Stories wait for us to find them, no matter how deep they may be buried. But we often need help uncovering them. And sometimes this help can come from multiple sources.
As I detailed in an earlier post, I stumbled upon Captain William R. Abercrombie’s 1899 report about his expedition to Valdez and the Alaskan interior. Abercrombie’s report and all of the sub-reports of the expedition members told fascinating stories about the early days of Valdez and the gold rush that put it on the map. Eventually, this sent me looking for the storytellers themselves. And this brought me to Addison M. Powell’s 1909 book, Trailing & Camping in Alaska.
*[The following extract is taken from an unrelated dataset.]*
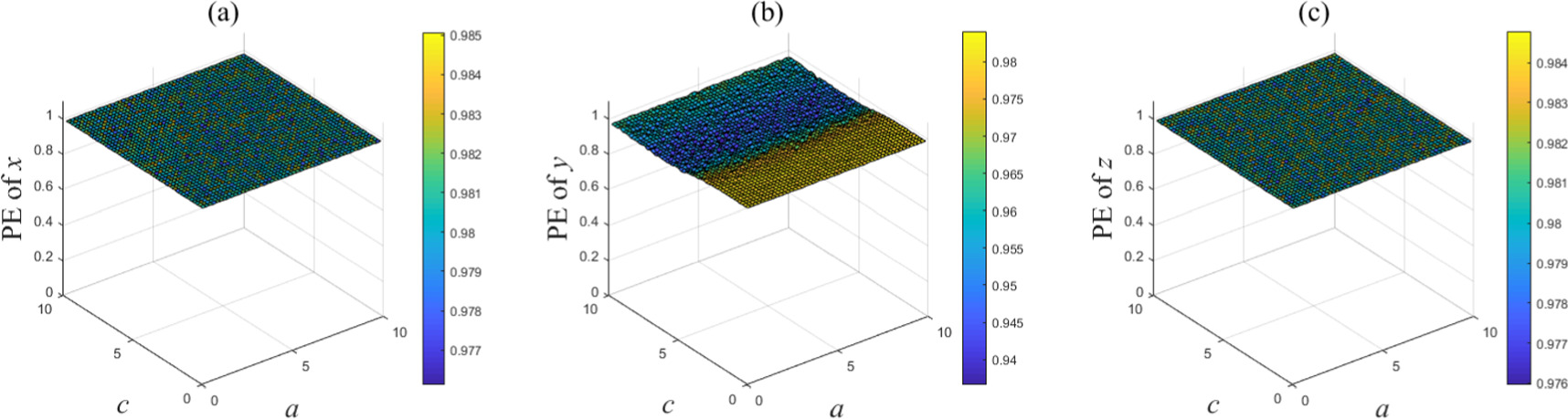A novel fast image encryption algorithm based on coefficient ...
Powell was a guide on the 1899 expedition and his book expands upon many of the stories he told in the original report. A specific detail in his book that doesn’t show up in the report is Powell’s description of the failed prospectors returning over the glacier.
“Hundreds daily trailed into town, so foot-sore, after traveling over that twenty-eight miles of solid ice, that their crippling walk caused them to be referred to as ‘The Glacier Striders.'”– Addison M. Powell, Trailing & Camping in Alaska
Coupled with Abercrombie’s reports of prospectors seeing “Demons” on the glaciers, the seeds of a story began to grow. But they didn’t take root by my efforts alone. As with all great art, inspiration is never a solidarity task. I discovered my Glacier Striders with the help of my friends.
During the conversations I had with Scott Baisden about designing my logo, I told him my vision of a monstrous shadow stalking a lone hiker. The story I wanted to tell with the logo was how we, as writers, are always chasing and being chased by shadows. I wanted Scott to etch a question into the image.
Is the hiker being stalked by the monster or are they stalking the monster themselves? When we go searching the darkness, what do we bring with us? What does the darkness take from us? And if not careful, could we become the darkness itself?
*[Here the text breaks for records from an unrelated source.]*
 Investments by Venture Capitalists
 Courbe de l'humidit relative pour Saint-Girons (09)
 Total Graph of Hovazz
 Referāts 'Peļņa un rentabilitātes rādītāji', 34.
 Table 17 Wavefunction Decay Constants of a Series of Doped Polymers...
Discussing this ended up branching off into the blueprints of a story. Scott and I bounced ideas back and forth which eventually told the story about a group of people being terrorized by a monster and in the end, becoming monsters themselves.
The story stayed as such for many months. Just a conversation between writer friends. That was, until I got a message from my friend Danielle “Elle” Lucksted – an actress I went to college with, directed on multiple occasions, and who originated the role of Christine Daae in Gaston Leroux’s The Phantom of the Opera. (Note: Scott originated the Phantom.)
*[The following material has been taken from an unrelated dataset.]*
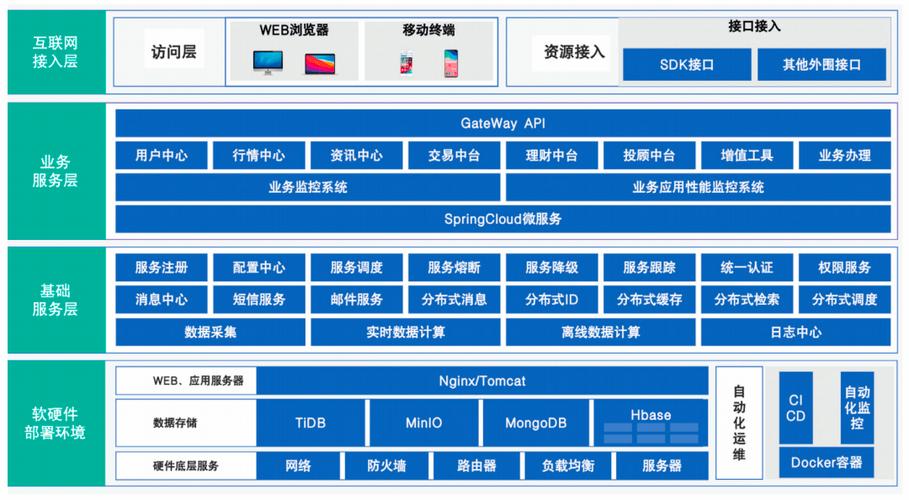 提高了跨业务系统间的业务执行效率(业务系统金融界接口至少) 软件优化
Elle sent me a submission opportunity for a play reading festival. The FRIGID New York theater company was looking for short plays about Christmas ghost stories, broadly defined. I had no short plays on hand that fit the bill, but suddenly the pieces of my conversation with Scott and the reading I’d done on the 1899 report fell into place.
In the 1899 report, I came across a story by Edward Cashman, an assistant quarter-master on the expedition, about how he and a small group of people were sent on a 62-mile journey up country to bring back 13 horses left there the previous summer. They left mid-October but due to many hardships along the way, didn’t end up returning to Valdez until December. Almost all of the horses died on the trip and a blizzard stranded Cashman and his companions on the glacier for a week around Christmas.

Along with many other details from various other sub-reports, Glacier Striders began to form. And over a fevered weekend, I sat down and wrote out the play, chasing FRIGID’s submission deadline.
It all seems like a blur now and though I was proud of the play I wrote, I figured my chances of getting into the festival were slim. Imagine my surprise when I received an email from FRIGID New York congratulating me on being selected for their evening of play readings!
From a small quote in a little-known book to a conversation with a friend. From a friend reaching out with an opportunity to discovering a story that had been waiting for me. All these pieces came together and now my flights are booked to travel to the Big Apple to see my writing featured in New York City for the first time.

FRIGID New York’s Holiday Spirits Play Readings will be performed on December 7th and 8th at the Under St Marks Theater. For those unable to make it to New York City in person, they will be streaming the event live. You can get your tickets HERE.
And don’t worry, I’ve already checked. It’s three-and-a-half short miles from Broadway. In New York miles, that’s pretty far. But it’s the closest I’ve ever been. And all it took was a story.
What stories have you created amongst friends?